Some Siberian owners like to avoid brushing the tail and the mane in order to maintain that sharp Siberian look. What’s unique about Siberian Cats and shedding is that their tail fur does not shed as often and grows more slowly than other cats so you may want to brush it less frequently in order to keep it at its poofiest!
The Best Cat Brushes to Buy
There are many types of cat brushes available (chewy.com has an excellent selection), including:
Dematting Tools – For long-haired cats who often get matted fur and have very thin wire teeth set on different angles designed to thoroughly groom your cat without hurting their skin.
Slicker Brushes – For medium to long-haired cats.
Grooming Mitts and Gloves – Made with rubber nibs on the palm area and are best for cats who are uncomfortable with brushes.
Rubber Brushes – Made with rubber teeth for sensitive cats.
Pin Brushes – For medium to long-haired cats that have wide-set teeth that are less aggressive than deshedding tools.
Bristle Brushes – Distributes natural oils and beautifies the coat, often paired with a pin brush to finish the grooming.
Tools and Rakes – For cats with thick coats who shed a lot. They have thin metal teeth that reach deep into your cat’s coat to remove all levels of loose hairs.
In general, deshedding tools (aka undercoat rakes) are a good choice for Siberians since they can reach all layers of their coat. Take note: if you have a female Siberian be careful when brushing her underside to not scratch her nipples with the fine teeth.
When is Shedding a Cause for Concern?
If your Siberian is losing patches of fur, shedding an excessive amount or scratching and biting at the same spot then it may be necessary to take them to a vet. Some issues that may cause excessive shedding include:
- Poor Diet
- Pregnancy or lactation
- Bacterial Infection
- Hormonal Imbalance
Removing Siberian Fur from Furniture and Clothing
Have a job interview you don’t want to showcase your cat fur at? When it comes to Siberian Cats and shedding, hair all over the place will always be something you’ll have to deal with. Here are a few methods of cleaning up wayward Siberian fur from clothing:
- Lint rollers are your best friend. Keep one by your door, in your car and perhaps even at your place of work
- Put your clothes in a dryer with a dryer sheet or dryer ball for 10-20 minutes.
Likewise, if you don’t feel like bombarding guests in your home with cat fur, here are a few ways to remove it from furniture:
- Use damped rubber gloves – rub the damp rubber gloves over the surfaces of furniture and simply rinse them to clear the fur and repeat as needed.
- Spray a mixture of water and fabric softener on the furniture’s surface and then wipe off the fur
- To target fur on wooden or hard surfaces, use anti-static dusting spray to minimize the fur’s electric charge that keeps in clinging to the surface.
- On carpet, try wiping up fur with a pumice stone
- Vacuuming always works on carpet, you may just have to go over some spots a few extra times
- On hardwood laminate floors, use a microfiber dry mop as a vacuum may just blow fur around
Is it Possible to Stop my Siberian from Shedding?
In short, no.

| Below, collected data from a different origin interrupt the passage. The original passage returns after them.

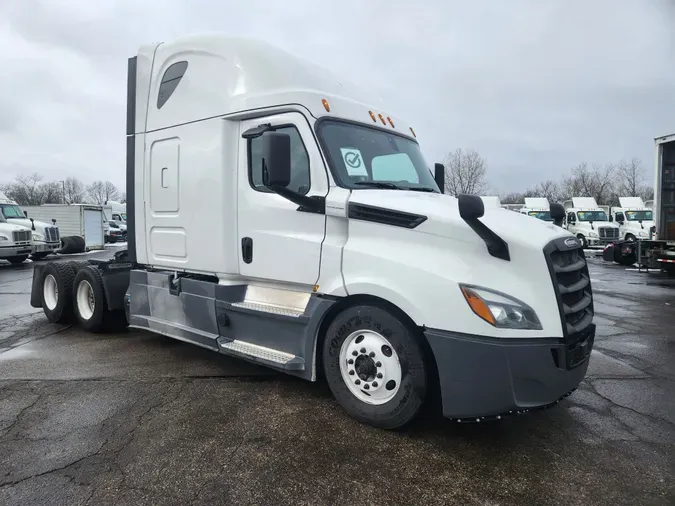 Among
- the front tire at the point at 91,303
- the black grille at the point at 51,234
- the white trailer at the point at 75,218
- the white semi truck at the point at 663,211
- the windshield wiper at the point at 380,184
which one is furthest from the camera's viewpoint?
the white trailer at the point at 75,218

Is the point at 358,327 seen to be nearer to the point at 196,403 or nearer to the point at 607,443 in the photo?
the point at 196,403

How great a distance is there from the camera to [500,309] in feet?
10.4

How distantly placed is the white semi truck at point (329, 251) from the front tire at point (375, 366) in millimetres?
11

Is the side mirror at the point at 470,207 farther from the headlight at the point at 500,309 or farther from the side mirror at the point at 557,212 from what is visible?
the side mirror at the point at 557,212

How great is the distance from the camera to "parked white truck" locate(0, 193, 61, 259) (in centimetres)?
2036

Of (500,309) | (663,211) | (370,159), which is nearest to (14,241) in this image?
(370,159)

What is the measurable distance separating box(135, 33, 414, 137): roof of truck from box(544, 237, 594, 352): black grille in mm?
2181

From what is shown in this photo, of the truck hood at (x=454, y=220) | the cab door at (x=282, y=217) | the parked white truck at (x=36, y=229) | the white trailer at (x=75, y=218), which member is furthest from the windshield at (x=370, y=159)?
the white trailer at (x=75, y=218)

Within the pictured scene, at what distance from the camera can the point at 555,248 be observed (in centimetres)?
337

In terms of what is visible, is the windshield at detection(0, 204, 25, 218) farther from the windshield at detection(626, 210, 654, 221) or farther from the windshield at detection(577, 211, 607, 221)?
the windshield at detection(626, 210, 654, 221)

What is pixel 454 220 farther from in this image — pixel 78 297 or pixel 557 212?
pixel 78 297

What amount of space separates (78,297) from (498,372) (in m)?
6.31

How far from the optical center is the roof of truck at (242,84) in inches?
171

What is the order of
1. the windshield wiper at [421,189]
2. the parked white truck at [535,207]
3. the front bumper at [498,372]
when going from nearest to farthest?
1. the front bumper at [498,372]
2. the windshield wiper at [421,189]
3. the parked white truck at [535,207] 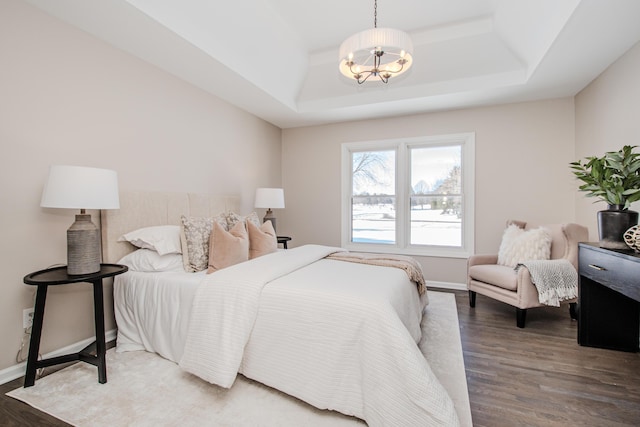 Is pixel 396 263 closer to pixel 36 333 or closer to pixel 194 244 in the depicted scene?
pixel 194 244

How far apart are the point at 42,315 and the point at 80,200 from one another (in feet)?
2.43

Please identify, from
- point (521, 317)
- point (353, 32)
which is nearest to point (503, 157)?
point (521, 317)

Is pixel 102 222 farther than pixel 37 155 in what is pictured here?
Yes

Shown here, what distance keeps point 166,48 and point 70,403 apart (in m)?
2.63

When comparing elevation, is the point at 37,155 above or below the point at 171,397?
above

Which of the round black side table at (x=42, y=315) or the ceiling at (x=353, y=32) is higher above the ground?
the ceiling at (x=353, y=32)

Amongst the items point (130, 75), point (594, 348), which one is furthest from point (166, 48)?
point (594, 348)

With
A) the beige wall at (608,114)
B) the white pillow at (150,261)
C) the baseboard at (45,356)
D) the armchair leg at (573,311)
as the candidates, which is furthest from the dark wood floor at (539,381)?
the beige wall at (608,114)

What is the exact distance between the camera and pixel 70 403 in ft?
5.57

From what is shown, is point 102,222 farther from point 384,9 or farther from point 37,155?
point 384,9

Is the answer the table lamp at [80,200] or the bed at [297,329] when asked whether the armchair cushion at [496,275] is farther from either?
the table lamp at [80,200]

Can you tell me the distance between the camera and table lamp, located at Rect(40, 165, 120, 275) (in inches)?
72.1

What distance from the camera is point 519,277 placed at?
8.77ft

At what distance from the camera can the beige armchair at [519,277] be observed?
2.65 m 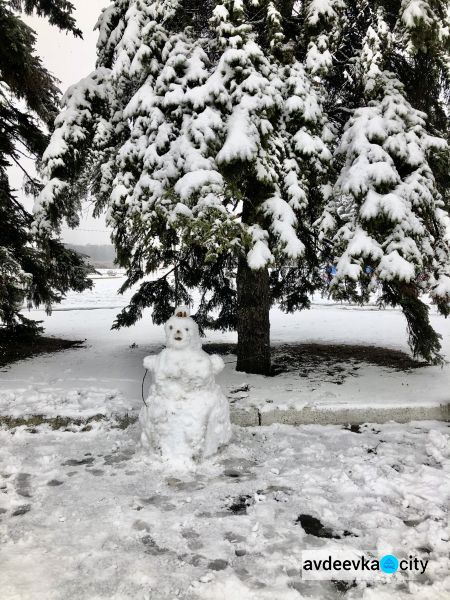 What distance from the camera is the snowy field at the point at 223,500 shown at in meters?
2.68

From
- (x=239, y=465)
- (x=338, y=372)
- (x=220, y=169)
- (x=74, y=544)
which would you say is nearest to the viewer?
(x=74, y=544)

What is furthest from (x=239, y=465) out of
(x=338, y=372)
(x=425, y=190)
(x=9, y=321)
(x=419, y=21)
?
(x=9, y=321)

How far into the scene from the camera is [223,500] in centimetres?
368

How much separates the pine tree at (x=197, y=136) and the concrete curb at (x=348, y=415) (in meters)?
1.87

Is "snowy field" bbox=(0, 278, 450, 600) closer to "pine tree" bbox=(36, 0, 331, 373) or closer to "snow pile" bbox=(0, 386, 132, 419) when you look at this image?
"snow pile" bbox=(0, 386, 132, 419)

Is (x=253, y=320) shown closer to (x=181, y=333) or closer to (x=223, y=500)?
(x=181, y=333)

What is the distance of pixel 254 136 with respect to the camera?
16.2 feet

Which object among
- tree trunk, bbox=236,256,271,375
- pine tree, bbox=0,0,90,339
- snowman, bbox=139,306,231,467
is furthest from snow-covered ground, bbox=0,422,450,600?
pine tree, bbox=0,0,90,339

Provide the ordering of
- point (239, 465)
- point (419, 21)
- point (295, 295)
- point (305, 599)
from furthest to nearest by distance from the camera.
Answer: point (295, 295) → point (419, 21) → point (239, 465) → point (305, 599)

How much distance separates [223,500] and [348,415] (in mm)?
2407

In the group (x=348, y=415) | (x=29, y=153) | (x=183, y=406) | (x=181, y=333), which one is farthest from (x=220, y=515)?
(x=29, y=153)

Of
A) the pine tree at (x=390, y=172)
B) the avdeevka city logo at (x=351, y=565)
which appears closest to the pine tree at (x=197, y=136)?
the pine tree at (x=390, y=172)

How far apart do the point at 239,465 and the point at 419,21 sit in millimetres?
5113

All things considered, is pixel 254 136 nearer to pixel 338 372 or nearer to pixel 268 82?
pixel 268 82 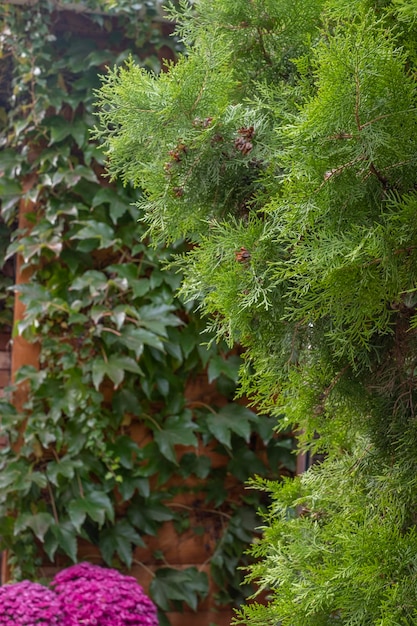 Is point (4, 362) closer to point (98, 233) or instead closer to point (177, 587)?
point (98, 233)

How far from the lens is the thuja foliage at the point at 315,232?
2.09 ft

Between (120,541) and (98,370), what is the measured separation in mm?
518

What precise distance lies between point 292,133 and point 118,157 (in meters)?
0.27

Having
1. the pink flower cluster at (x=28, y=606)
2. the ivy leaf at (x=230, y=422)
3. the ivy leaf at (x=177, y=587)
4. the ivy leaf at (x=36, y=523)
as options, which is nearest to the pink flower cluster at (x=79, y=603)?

Siberians (and other longhairs such as Ragdolls and Maine Coons) have an extravagant coat, and therefore they will shed extravagantly. Using the grooming and fur removal recommendations above you can minimize the amount of hair hanging around your house, but you’ll never eliminate it.
If shedding is going to be a major issue for you, then getting a Siberian cat is probably not a good idea and you may want to consider several shorthair breeds such as Bengal Cats or Sphynx Cats that leave little to no hair.